How many old photos do you have, back from the days before you could just snap them digitally on your phone? And are they tucked away in drawers here and there, and boxes in the attic, and a few in the piano stool, and some in shoe boxes with other memorabilia from that road trip you took in 1994?

Learn how to organize old photos before the film degrades.

Options for organizing your old photos

Before you can choose the best system for your photos, you’ll need to decide a few things. How do you want to go about this?

Old briefcase full of photos with vintage camera

Go completely digital

Scan and destroy all your old photos and add them to your existing digital collection. This way, you wouldn’t have to organize the physical copies of your old photos at all.

Go digital, but keep the paper

Scan your old photos, but keep them. In this case, you’ll also need to decide on a way to organize your physical photo storage.

Digital, schmigital

Just organize the physical copies. This is obviously the simplest solution. But physical photographs still degrade over time, no matter how you store them.

Scanning ensures you’ll never completely lose the image. Plus, you can email or post your old photos online.

You can keep several boxes of photos on a single flash drive, and then you have a backup in case something happens to the physical photograph (and especially the irreplaceable negative).

But if you have no use for it right now, skip ahead to the next section.

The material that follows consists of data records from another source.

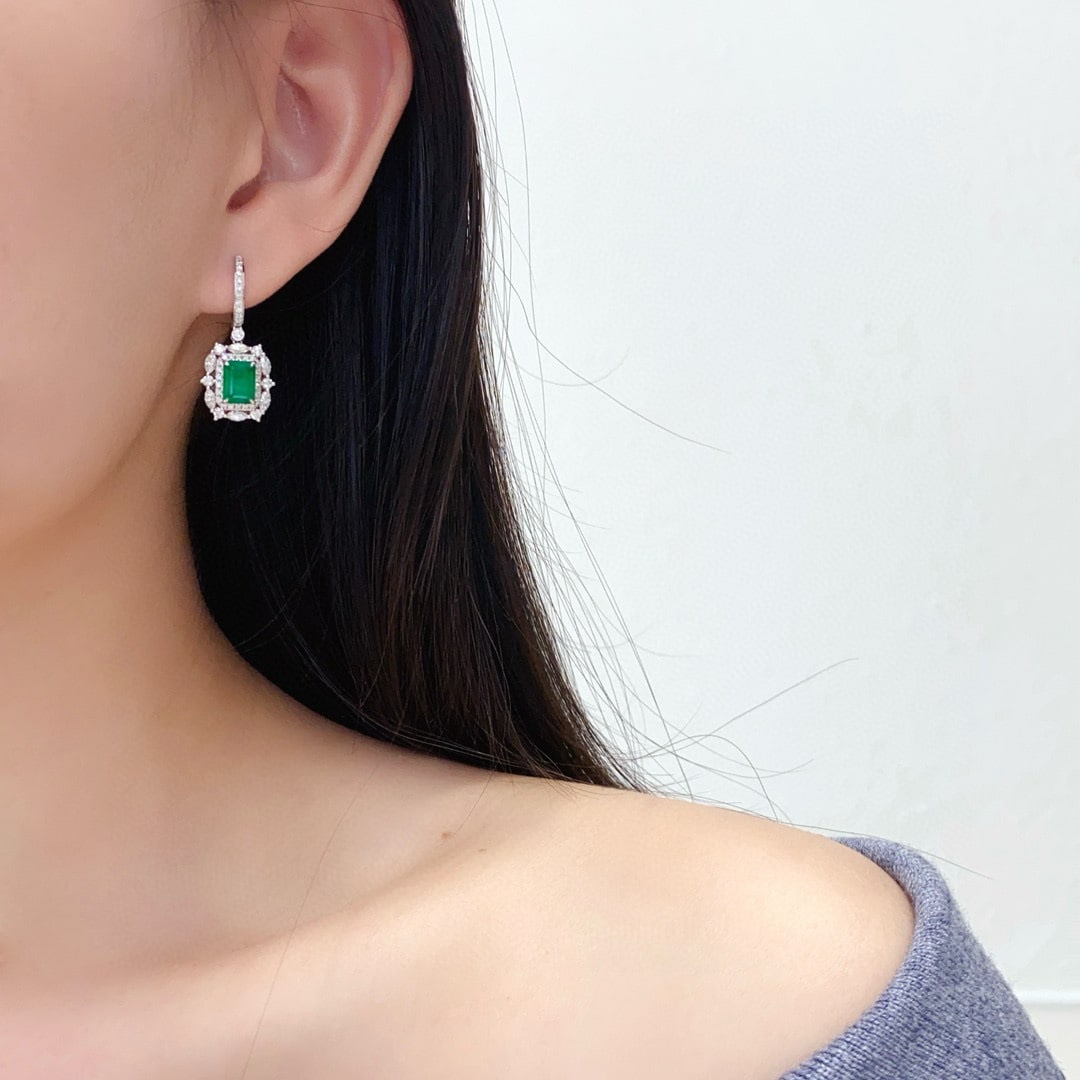 14k Gold 3.07 Ctw Vivid Green Natural Emerald & Diamond Earrings - 3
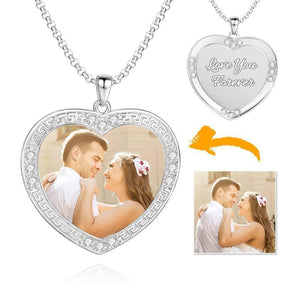 Custom Men's Personalized Rhinestone Crystal Heart Photo Engraved Necklace Platinum Plated Silver - Colorful
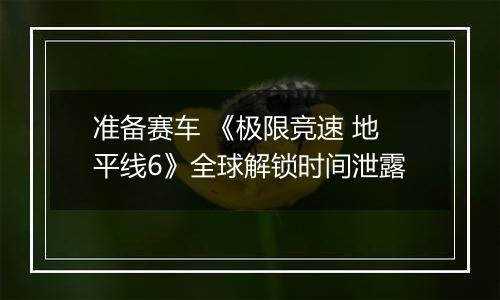 准备赛车 《极限竞速 地平线6》全球解锁时间泄露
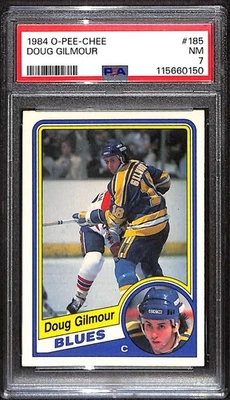 1984 O-Pee-Chee #185 Doug Gilmour HOF RC PSA 7 NM C98963 - Image 1 of 3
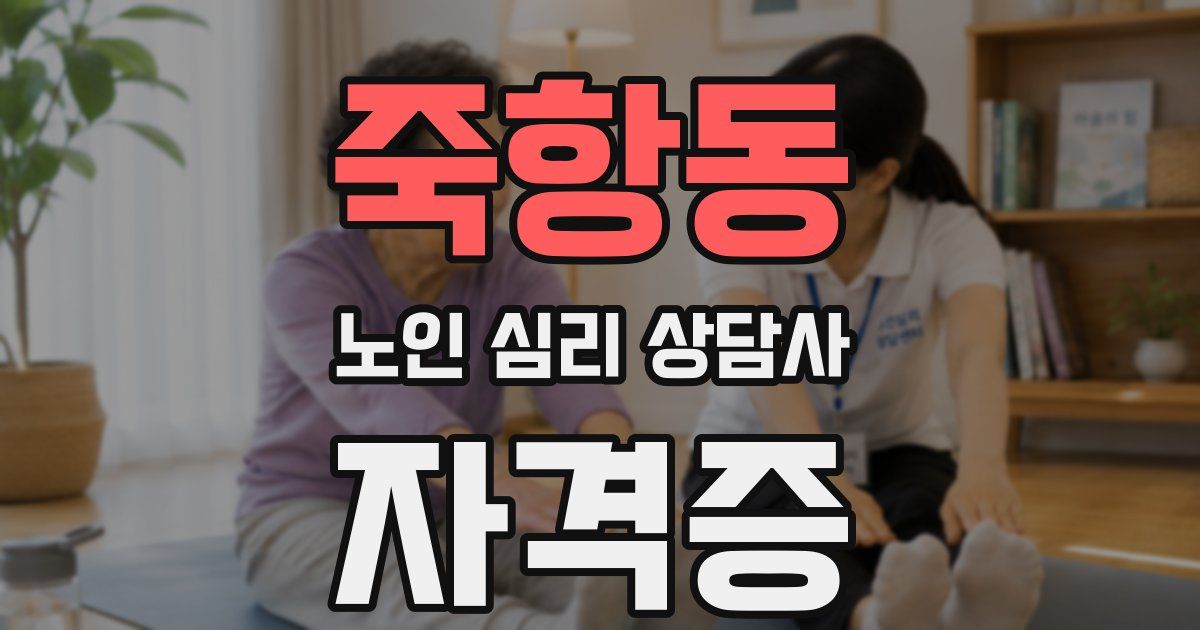 죽항동 노인 심리 상담사 자격증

How to organize old photos

If you’re keeping the physical copies of your old photos, here’s what you need to know. Photos need to be protected from sunlight, damp and other elements. They can do just fine loose in a box or in envelopes for many years. But get one little thing wrong in their environment, and they can start to degrade.

  • Buy some acid free binder sheets designed to hold photos and put them in binders. These pages have pockets to hold photographs and keep them protected.
  • Decide on a logical filing system. If you’ve only got old photos from 5 events that you’re storing, it might make sense to buy five binders and allocate one binder to each event. If you’ve got lots of photos going back years and years, you may want a tabbed system. If you’re making your own binder, you can just add some tabs in between pages. Another option is sticky tabs: you can attach them to any page and write whatever you want on the tab. Your filing system might be by date, by type of event, by who’s in the photos, etc.
  • Store the negatives, too. If you want to keep the negatives in the binder, you can put them in an envelope and tape it inside the back cover of the album. Wherever you decide to put them, they should be kept in a paper envelope of some sort.
  • Make an index. If you want to be able to find one particular photograph out of a collection of hundreds or even thousands, make an index for each album. On it, type or write a description of the photo, the page of the album it’s on, and (optionally) the number it is on that page. If you want to be even more thorough, put a number beside each photo that correlates with the number it was on the negatives. This makes it easy to find a single photo quickly, and have it developed again from the negative.

The index is the real beauty of the system. You can include detailed descriptions of each photo so whoever inherits them will always be able to tell who was in them and where they were and what they were doing. This can be a terrific way to preserve family history as well as archive your old photos.